What's causing the behaviour
When you press the left arrow, your terminal is sending the following escape sequence:
ESC O D
This can also be notated as ^[OD
, where ^[
is notation for Ctrl-[
, which is another way of notating or entering the ESC character. (Try it in insert mode!)
Vim is not recognising this as an escape sequence, and therefore it is treating those keystrokes as if you had typed them out yourself:
- Esc: Leave insert mode,
- O: Begin a new line above the cursor and enter insert mode,
- D: Enter a 'D' character.
You can confirm that this is what your terminal is sending by entering insert mode and then pressing Ctrl-V followed by the Left arrow.
What's going wrong
The escape sequence might be timing out
The only way that Vim can distinguish the escape sequence from the same three characters manually typed in is by the time that occurs between the receipt of each character. It's possible therefore on slow terminals or very busy systems that there is sufficient delay between each character that Vim is deciding it's not an escape sequence and just interpreting the keystrokes as described above.
This is described in :help vt100-cursor-keys
and further in :help timeout
— the suggested solution is to set a sufficiently large ttimeoutlen
, but disabling timeouts entirely by setting both notimeout
and nottimeout
would also work.
However, given your setup, this is pretty unlikely to be the issue.

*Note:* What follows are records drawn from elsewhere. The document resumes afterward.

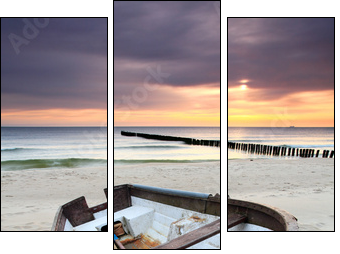 Boat on beautiful beach in sunrise - Dreiteiliges Leinwandbild, Triptychon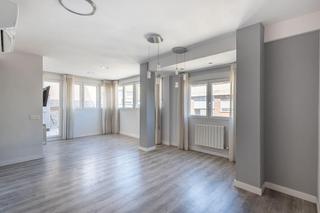 Pis  Calle obispo hurtado. Presentamos un espectacular piso ubicado en una planta alta en e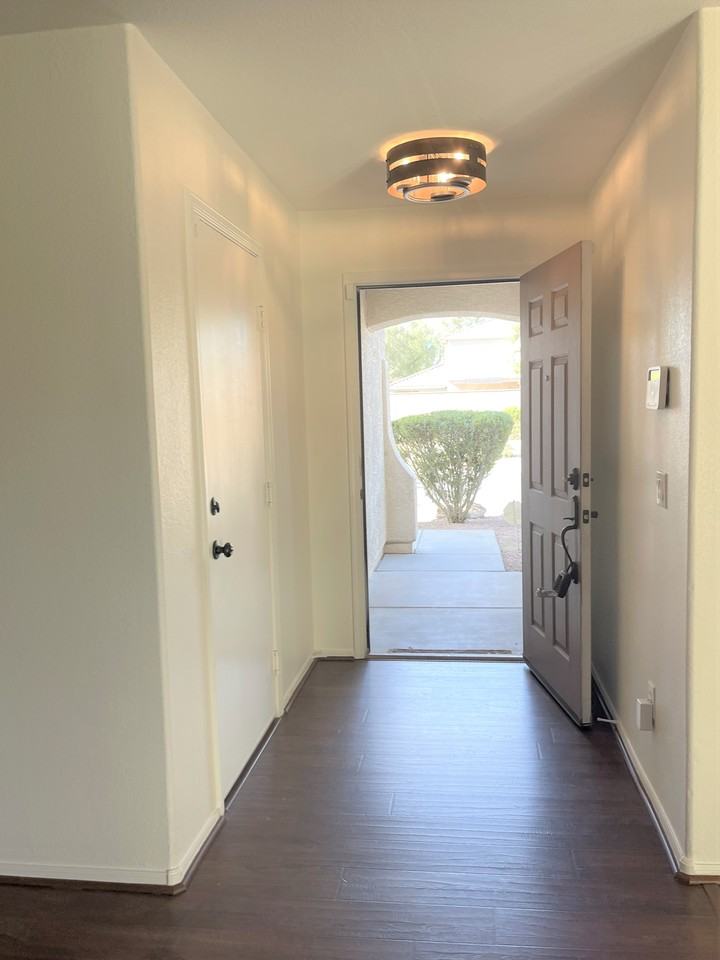 1115 E Lowell Ct - Photo 4 of 35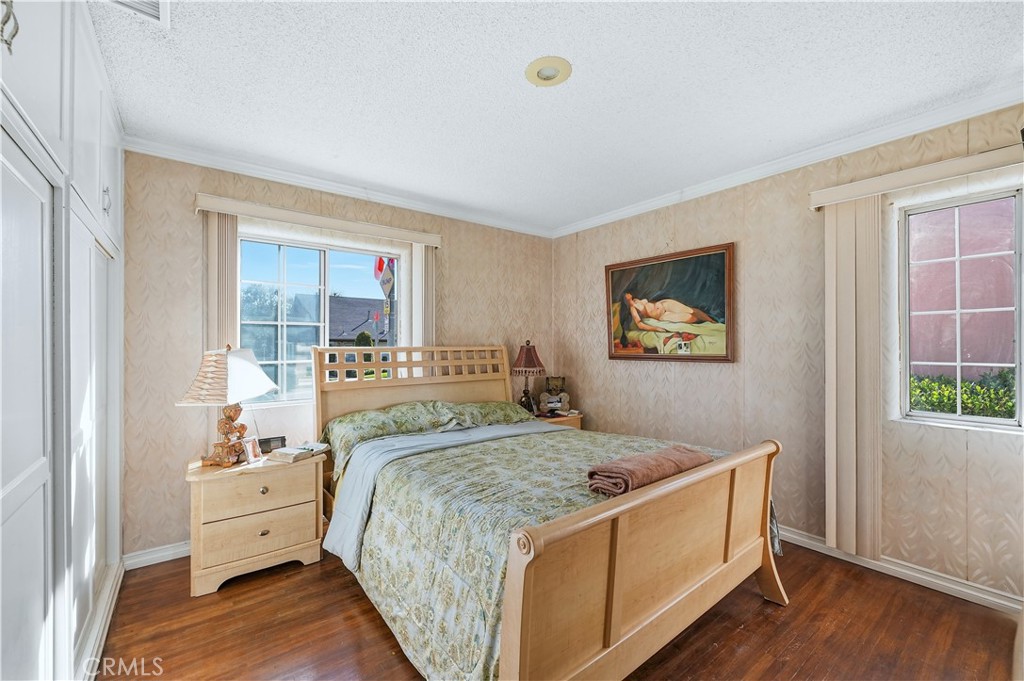 117 Spanner Street Monrovia, CA 91016 - Photo 15 of 33 a bed room with a bed and a window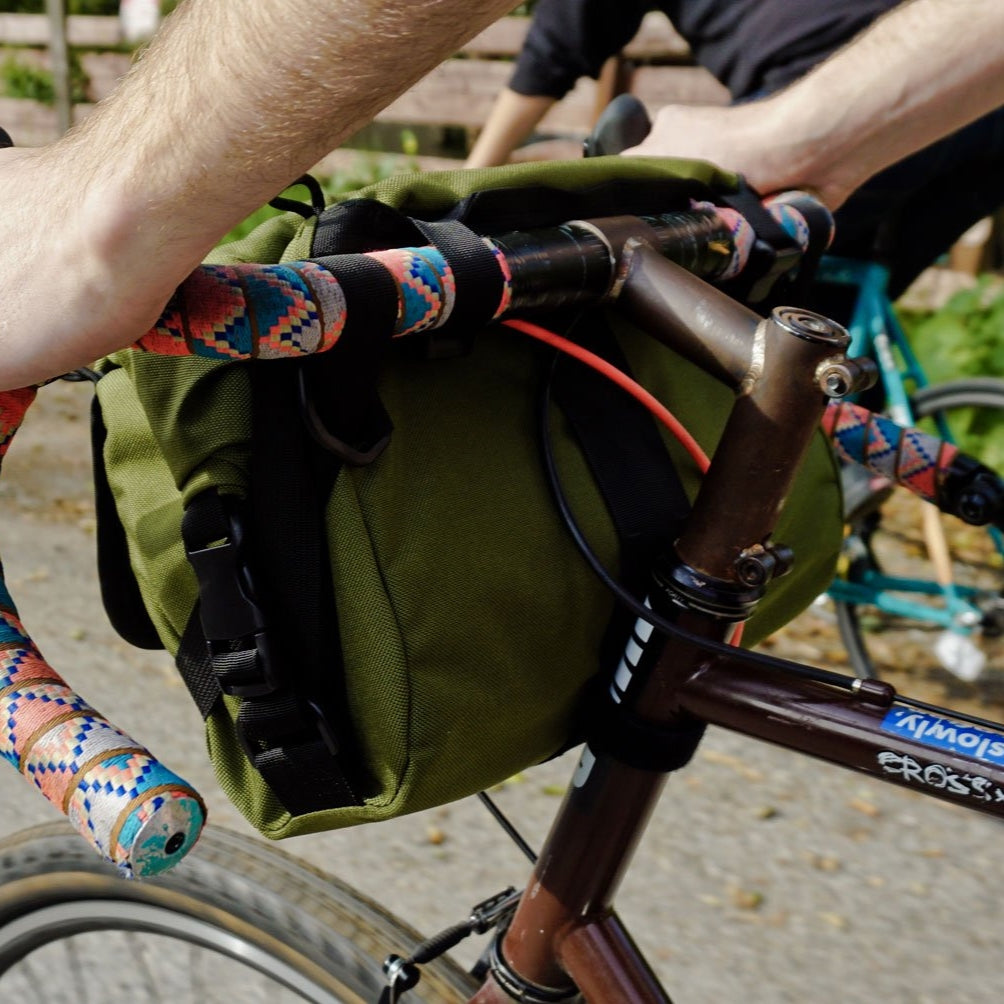 ROAD RUNNER Middle Earth Jammer Handlebar Bike Bag Olive FREE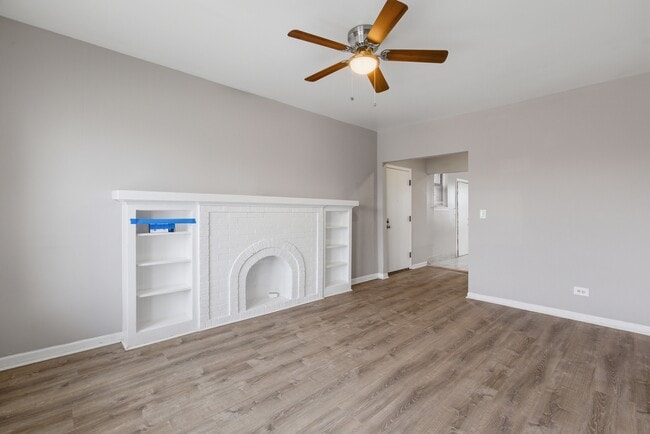 Building Photo - 237 S Lotus Ave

Vim doesn't recognise the sequence
It's more likely that the problem is that Vim doesn't recognise the escape sequence sent, and so is interpreting it as keystrokes. You can check this with the following command:
:set <left>?
In a working setup with your current terminal configuration, this should give either of the following outputs:
t_kl <Left> ^[O*D
t_kl <Left> ^[OD
If you see anything else1, then Vim and your terminal are not quite speaking the same language.
The correct way to fix this would be to fix your terminal configuration so that your terminfo database reports the sequences that are actually sent when you press the arrow keys, but doing so can be complicated. A slightly hacky fix is to change what your terminal sends to match what Vim is expecting. I infer from your comments that you are using the default Mac Terminal.app: You can change what escape sequences are sent for each keystroke in Preferences → Profiles → Your profile → Keyboard.
However, the easiest fix is probably to inform Vim directly what escape sequences to expect. You can do this by setting its terminal options thus:
set <up>=^[OA
set <down>=^[OB
set <right>=^[OC
set <left>=^[OD
Note that the ^[
in the above is a literal ESC
character. You cannot just type ^ followed by [! The easiest way to enter the mappings is to enter e.g.
set <left>=
and then, still in insert mode, press Ctrl-V followed by the left arrow. Note that you are then setting the escape sequence directly to what Vim receives when you press the arrow key... by sending it that sequence!